# PROBLEM STATEMENT
Set down the whole listing below exactly. The pictures stay out.

# DATASET SECTION
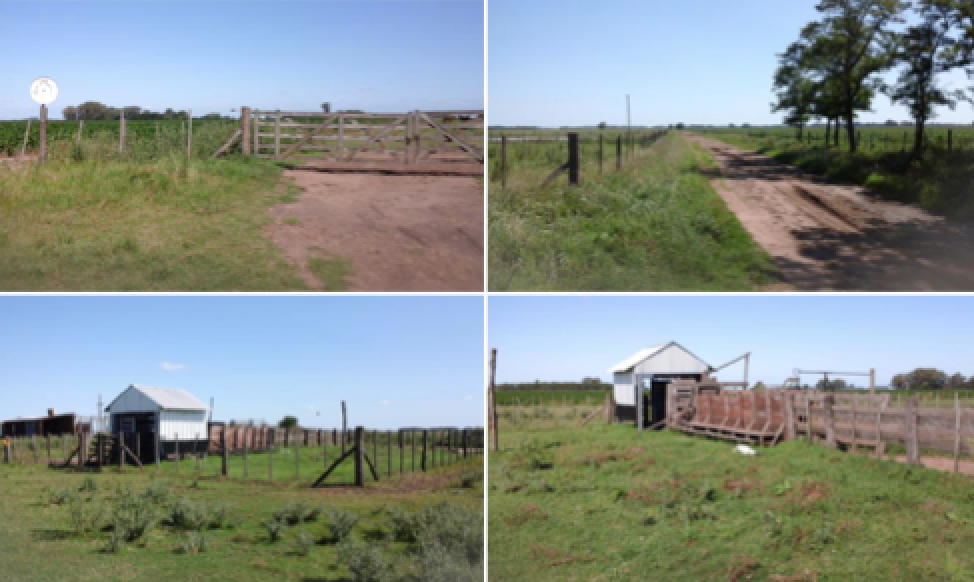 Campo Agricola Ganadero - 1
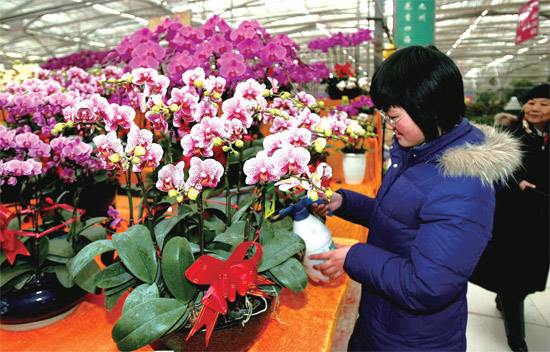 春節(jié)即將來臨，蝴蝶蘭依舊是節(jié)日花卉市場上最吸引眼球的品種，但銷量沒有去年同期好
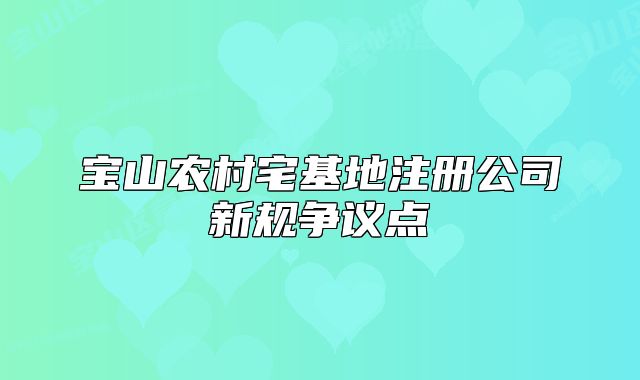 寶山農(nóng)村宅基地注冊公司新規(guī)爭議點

# WRITTEN SOLUTION
 Campo Agricola Ganadero - 1
 春節(jié)即將來臨，蝴蝶蘭依舊是節(jié)日花卉市場上最吸引眼球的品種，但銷量沒有去年同期好
 寶山農(nóng)村宅基地注冊公司新規(guī)爭議點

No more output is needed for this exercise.